#### EXERCISE INSTRUCTIONS:
Below are records; extract exactly the lines from the one with "Men's Dragon Anime" through the final line, including both, but drop the pictures.

#### ENTRIES SHOWN:
◇ ◇ ◇ ◇
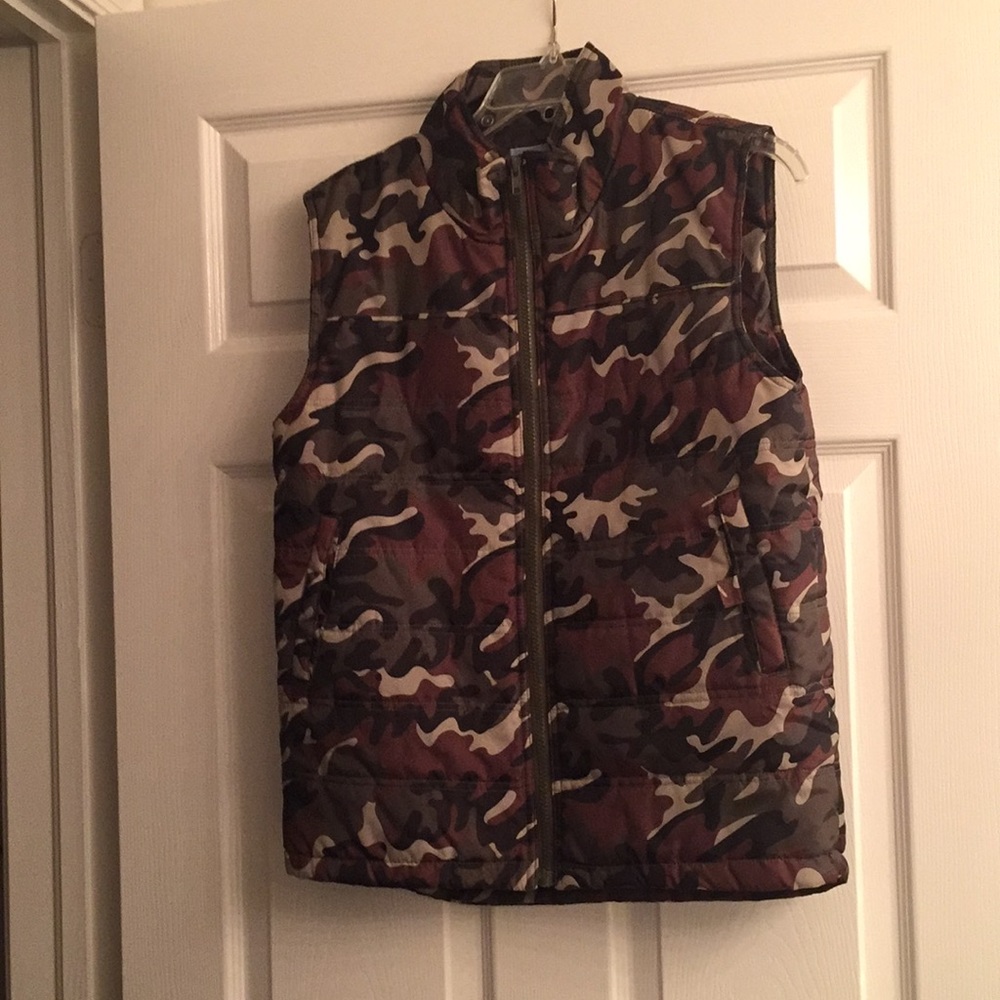 Weather it youth sleeveless camouflage vest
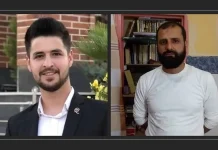 Hinrichtung des gefangenen Protestierers Qobadlou und des sunnitischen politischen Gefangenen Farhad Salimi nach 14 Jahren Haft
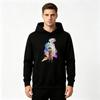 Men's Dragon Anime Print Pullover Hoodie Casual Long Sleeve Loose Streetwear Sweatshirt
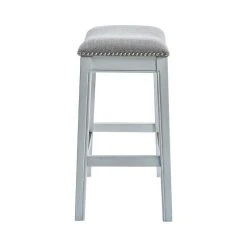 New Ridge Home Goods Zoey 25" Farmhouse Wood Counter Height Stool In White Wash -CHAMPRO shop b2e183bf0067f30a 5537 w800 h800 b1 p0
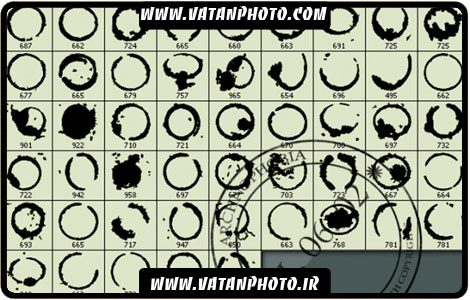 براش اشکال دایره ای با کیفیت بالا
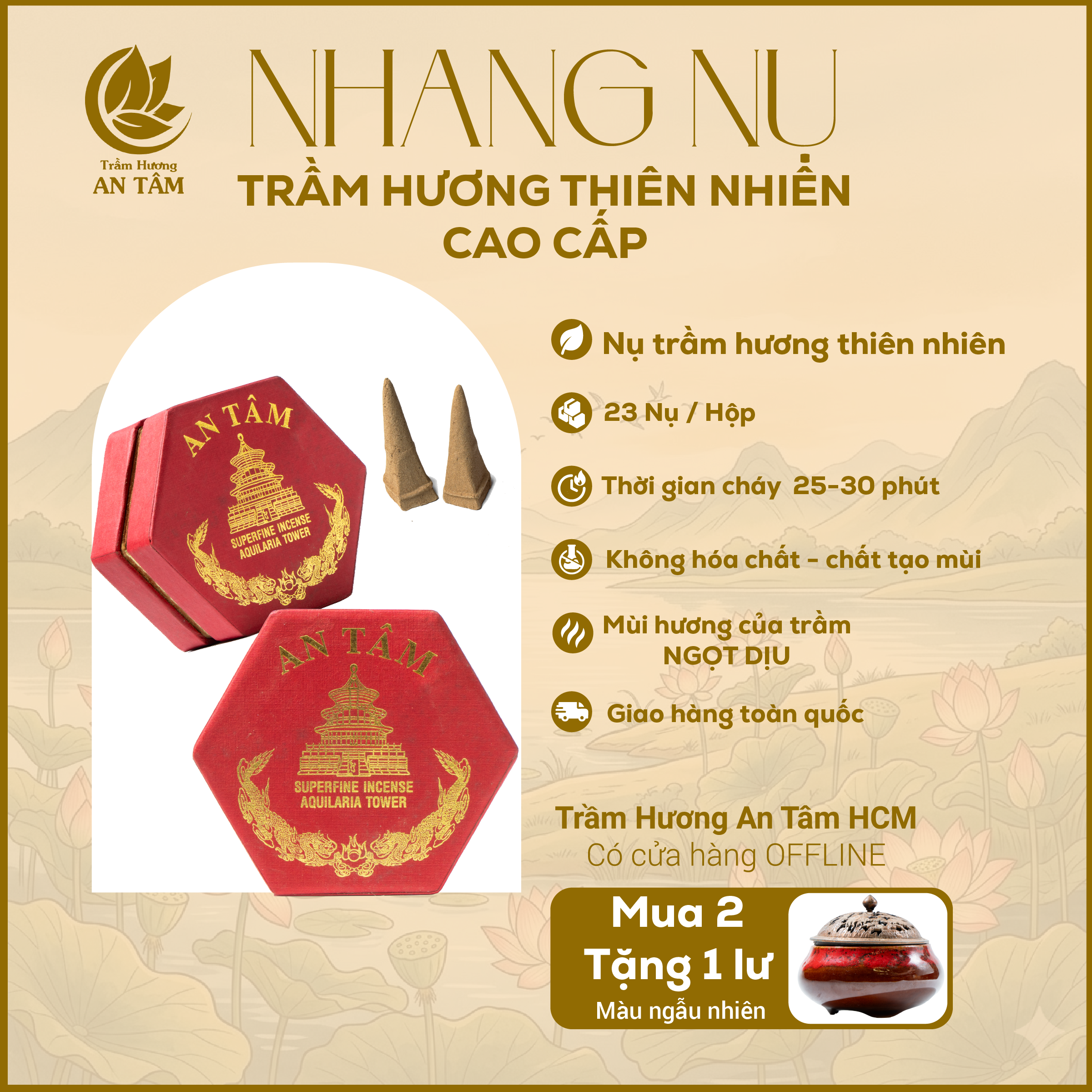 Nhang Nụ Trầm Hương Thiên Nhiên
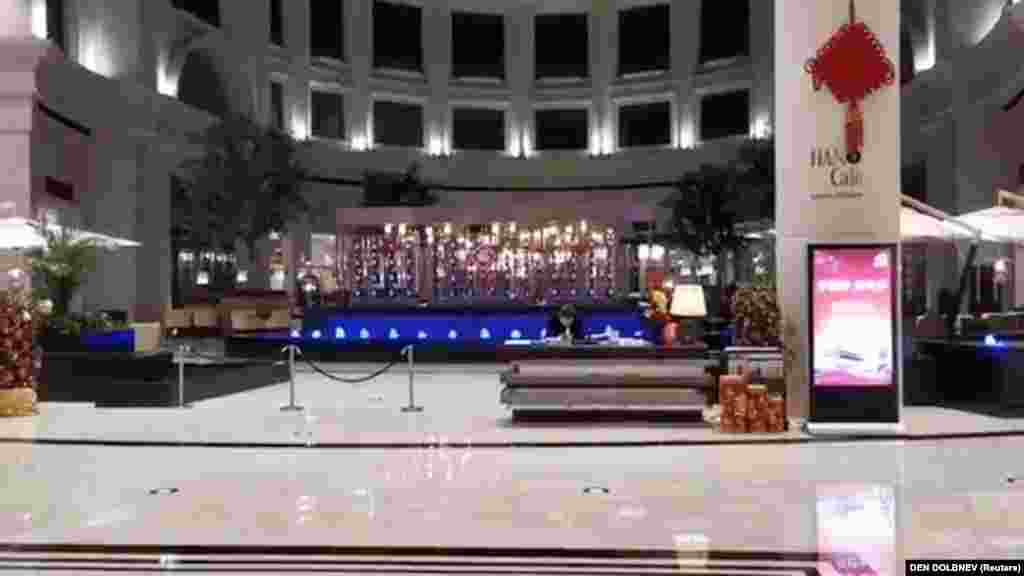 Такий зараз має вигляд готель Intercontinental після оголошення про закриття Уханя на карантин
◇ ◇ ◇ ◇
#### ANSWER BOX:
 Men's Dragon Anime Print Pullover Hoodie Casual Long Sleeve Loose Streetwear Sweatshirt
 New Ridge Home Goods Zoey 25" Farmhouse Wood Counter Height Stool In White Wash -CHAMPRO shop b2e183bf0067f30a 5537 w800 h800 b1 p0
 براش اشکال دایره ای با کیفیت بالا
 Nhang Nụ Trầm Hương Thiên Nhiên
 Такий зараз має вигляд готель Intercontinental після оголошення про закриття Уханя на карантин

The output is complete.